Belief is, by definition, the consideration of something unsupported by evidence. Because of this, it is inherently unfounded on truth.

Depends on what sort of belief is under consideration. Some beliefs are logical deductions based on other beliefs. These are founded on the truth of the beliefs that come before them. Others are grounding beliefs that have no evidence to support them one way or the other.

The problem with this statement is that it applies to atheists as well. Everyone, whether theist or atheist, starts somewhere in their structure of beliefs. Those presuppositions upon which a worldview is based are really the crux of the debate between atheism and theism. The theist starts with God, while the theist starts with nature.

I’ve also noticed that one atheist commented that one way they can tell that theists are full of “bullshit” is that we can answer every question. The scientist, it is reasoned, admits his limitation and is happy to say, “I don’t know” when he doesn’t know the answer. Theists, on the other hand, answer every question that the atheist proposes. Since we never seem to admit that we don’t know the answer, that means that we’re full of it.
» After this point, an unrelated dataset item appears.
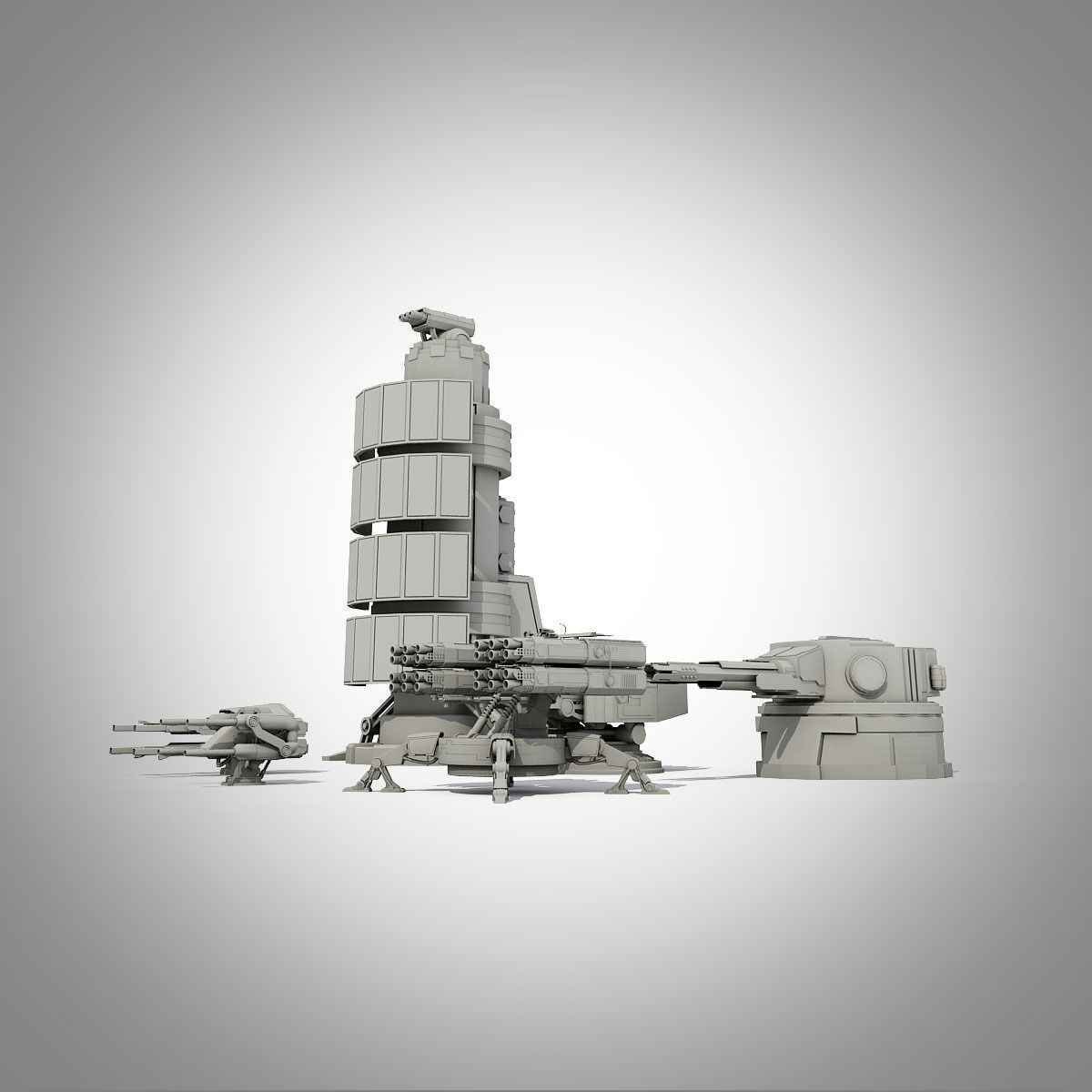 Sci-fi turrets collection  3D model_16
So, basically, we’re damned if we do and damned if we don’t.  Let me illustrate why.

The existence of a list such as this indicates that the atheist believes that we can’t answer every question proposed. That might be true. A few months after I started my main blog, I was forced to admit that I didn’t know the answer to the proposed dilemma:

So which is stronger, manfluence or Godfluence? Well, Hasic posits that man put the belief about God in the heads of children, and that the kids are responding to that belief, not to God. But this overlooks the fact that God determined the situation in which these kids were placed, not man. If they grow up Hindu, Buddhist, or Muslim, He wanted that to happen for a reason known only to Him and that increases His glory somehow.

I don’t know why and there isn’t any way to find out (Job 37:5). (source, emphasis added)

There really are somethings that humans don’t know the answers to, and I’ve tried to be forthright about that. Now, usually when I do, the atheist in the argument immediately claims victory: “Ha! I found a question you don’t know the answer to! I win!”

Can’t have it both ways, guys. Either you want me to answer everything, or you want me to admit that I occasionally don’t have an answer. But you can’t claim victory when I have all of the answers, and also claim victory if I don’t have all the answers. We call that “stacking the deck.”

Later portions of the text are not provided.